> INFORMATION PROVIDED
====
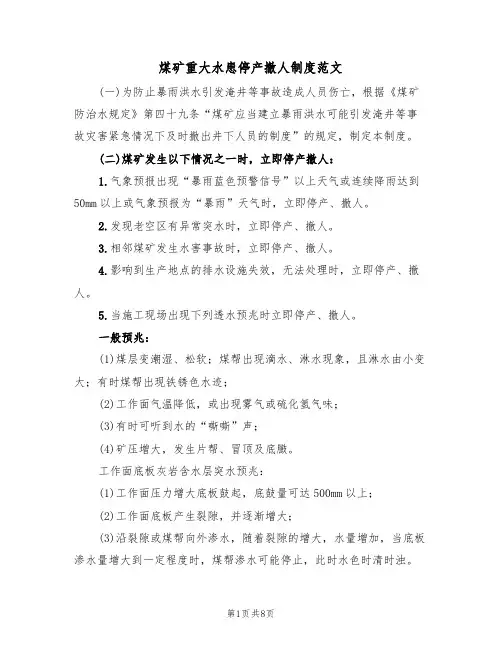 煤矿重大水患停产撤人制度范文（3篇）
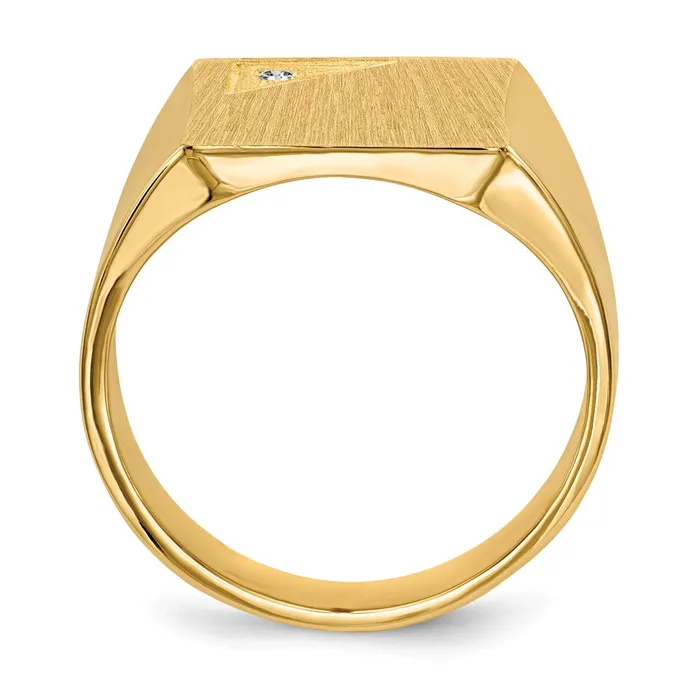 Goldiacom Rings 14K Yellow Gold 140x130mm Closed Back AAA Real Diamond Mens Signet Ring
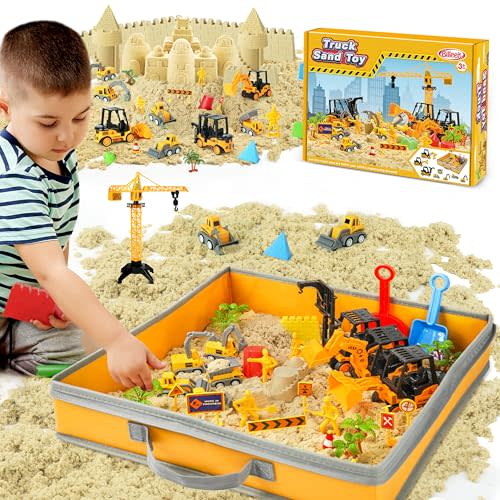 Billeeit Sand Construction Kit w/Sand Box and 2.2lbs Sensory Bin Play Sand | Including 15 In Foldable Sand Box, 8 Truck Toys, Castle Molds and Other Accessories 36Pcs Set, Gifts for Kids 3+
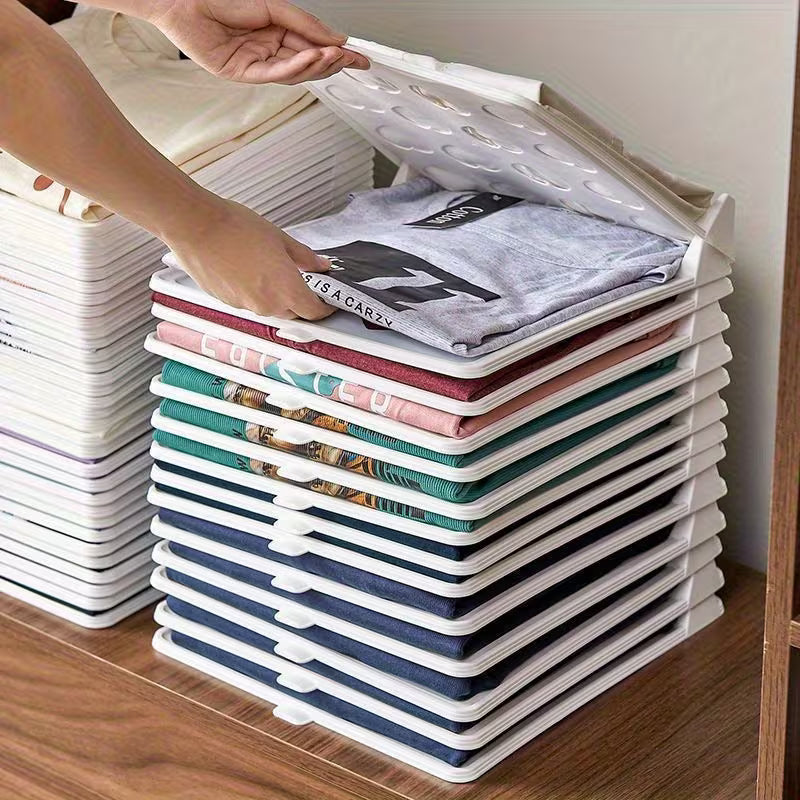 20pcs ITECHJOY Stackable Clothing Storage Board - Portable Folding Shirt Organizer, Durable Plastic Construction, Space Efficient T-Shirt And Top Storage Rack for Closet, Bedroom, Office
====
> EXERCISE BRIEF
The required output is each line above restated verbatim, with all images omitted.

> TASK ANSWER
 煤矿重大水患停产撤人制度范文（3篇）
 Goldiacom Rings 14K Yellow Gold 140x130mm Closed Back AAA Real Diamond Mens Signet Ring
 Billeeit Sand Construction Kit w/Sand Box and 2.2lbs Sensory Bin Play Sand | Including 15 In Foldable Sand Box, 8 Truck Toys, Castle Molds and Other Accessories 36Pcs Set, Gifts for Kids 3+
 20pcs ITECHJOY Stackable Clothing Storage Board - Portable Folding Shirt Organizer, Durable Plastic Construction, Space Efficient T-Shirt And Top Storage Rack for Closet, Bedroom, Office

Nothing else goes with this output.